I want to build a microservices architecture. It's supposed to have 13 microservices and 3 clients (2 web and 1 mobile).

In our scenario we have:

  • Employees: Access to specific and shared services and their credentials are stored in Active Directory;
  • Administrators: They are employees with full access. They have specific and shared services and their credentials are stored in Active Directory;
  • Customers: Access to specific and shared services and their credentials are stored in the Identity microservice.

We're going to have an API Gateway.

Every request is handled by API Gateway which should (or invoke the responsible for) check if the token of the request is valid, identify if it is a customer, employee or admin and check if this user has permission to access request API/microservice.

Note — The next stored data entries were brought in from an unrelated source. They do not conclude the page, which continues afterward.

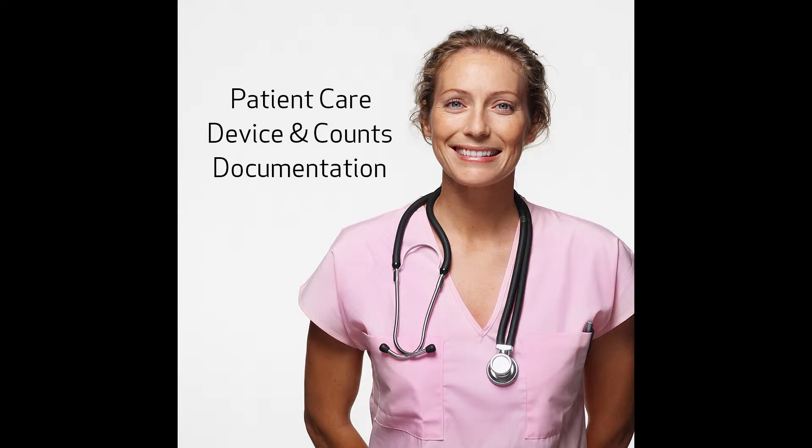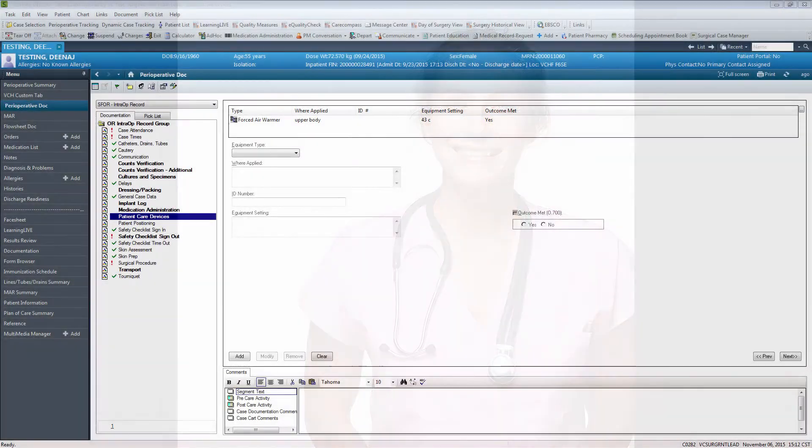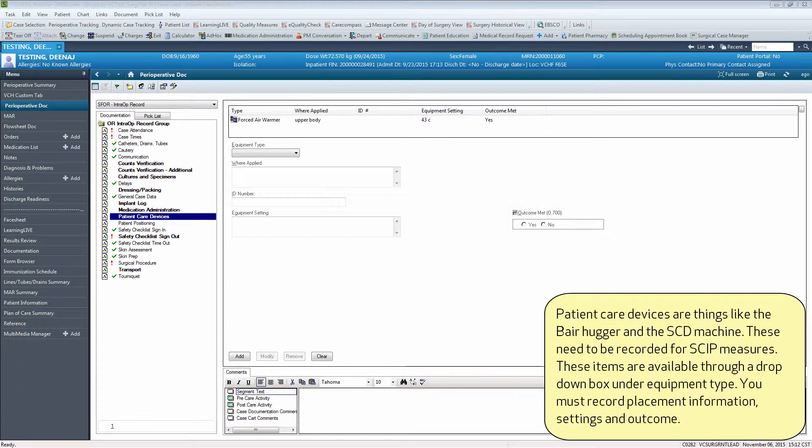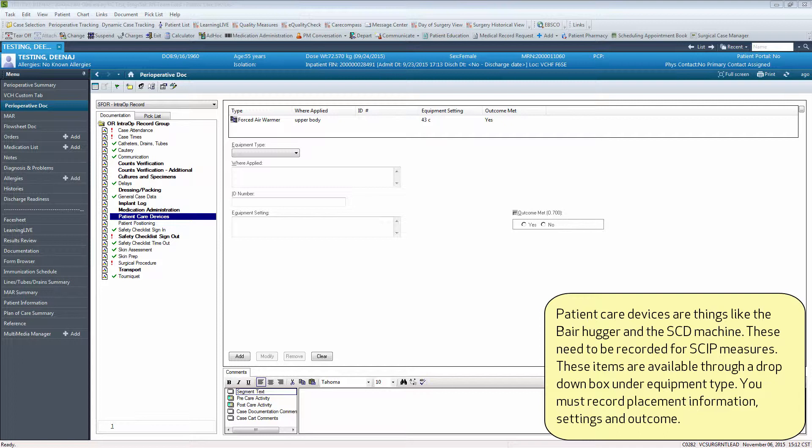This video will teach you about patient care device and counts documentation within the periop document. Patient care devices are things like the bear hugger and the SCD machine. These need to be recorded for SCIP measures.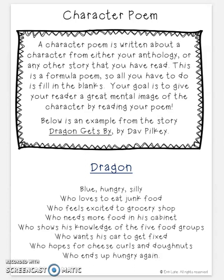Who ends up hungry again. Based on this poem, we know that Dragon is blue and silly, and Dragon really likes food — he's hungry, he likes junk food and the grocery store, he thinks he needs more food in his cabinet, he knows the food groups, and he hopes for cheese curls and doughnuts. This dragon really likes food, and you can gather all of that just from reading the poem.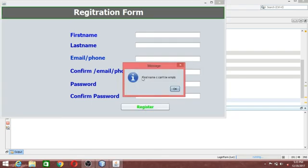It is saying 'Validation is Successful'. If you make a field empty — for example clear the password — it says 'Enter your password'. If you clear the email field, it says 'You should enter your email'. So it checks one by one. If all fields are filled in, it will say 'Validation Successful'.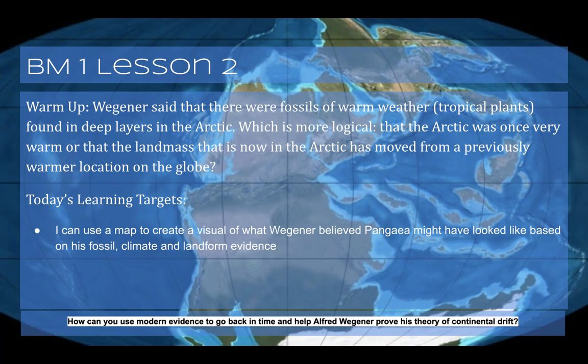Today you're going to get a chance to put together a puzzle of the continents as Wegener imagined it — you're basically going to be building Pangea. This is a really fun activity. My suggestion is that if you're able, do the printed version of this activity.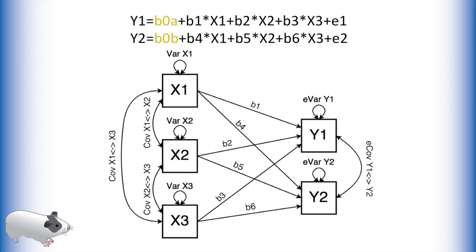We also model the means of our predictors as well as a separate intercept term for each of our outcomes. I have omitted this part in the diagram for legibility reasons, but in OpenMx we will model these as well.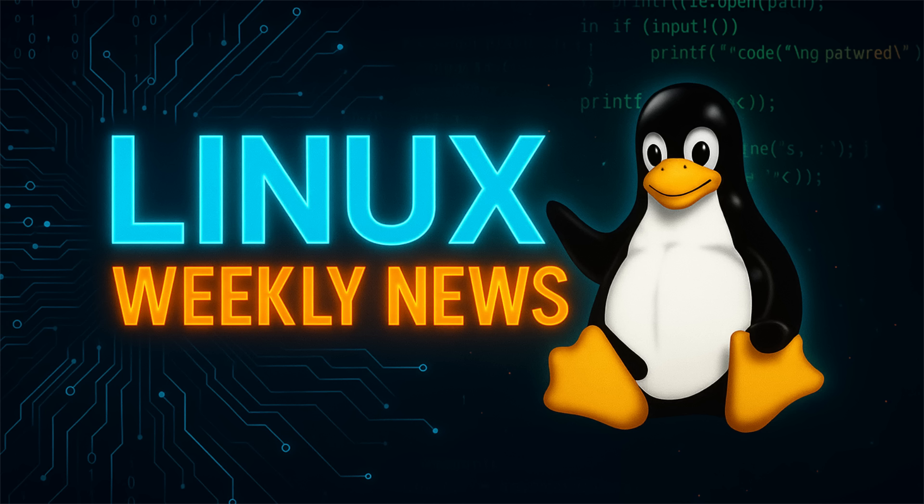What is up, Linux lovers, and welcome back to the channel. I'm your host, and this is your weekly dose of Linux goodness. The last couple of weeks have been absolutely wild in the open source world. We're talking a brand new, built-from-scratch desktop environment that could change everything.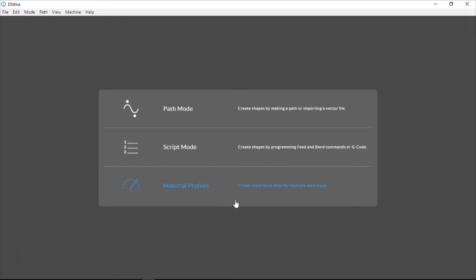This video will go over the basics for understanding Material Profile Mode, but for a full walkthrough, please watch the Material Profile demo video.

I have some misconceptions about this solution, so I'd appreciate some help for:

  • What are API Gateway responsibilities?
  • What are Identity microservice responsibilities?
  • How to manage to define which APIs/microservices can an employee, a customer and an admin can access or not?
  • How to identify if given user is a customer, an employee or an admin?
1

1 Answers

2
votes

What are API Gateway responsibilities?

API gateway could be understood as one service that sits in front of all other services and let you expose these services to the client. In doing so it allowing all the traffic to pass through itself and it can, therefore, do lot many things like

  • Security
  • Logging
  • Routing
  • Versioning
  • Transforming

You have an incoming request with headers and you need to pass it along to downstream service that will actually be processing the request. API gateway can do pretty much everything in between like those mentioned above.

What are Identity microservice responsibilities?

Identity is the set of data that help you identify the user uniquely. In your case, you have Active Directory which has identity information of all your employees. Similarly, you can keep information about the customer is one such service. Identity should be solely responsible for the basic demographic info of the user that helps you identify him. Alongside this, such a service may need to provide for the security around using the identity.

Identity can have roles and the services when communicating with each other need to pass along the information that tells the downstream service about the identity and some means by which this service can verify the identity information being passed.

This is where OAuth comes into play, and if you add identity, identity provider and authorization you get something called OIDC or OpenID Connect

With this, you should be able to define roles for each of your identities and then let the individual service decide what a particular identity with a particular role can do or cannot do.

How to identify if given user is a customer, an employee or an admin?

Well, you can use the role to identify (if you can add roles to your identities) or just let your identity service answer this for you. Pass the userId and let the service tell you what kind of user it is based on where this user data was sourced. It is little difficult to answer this unless I have more insight.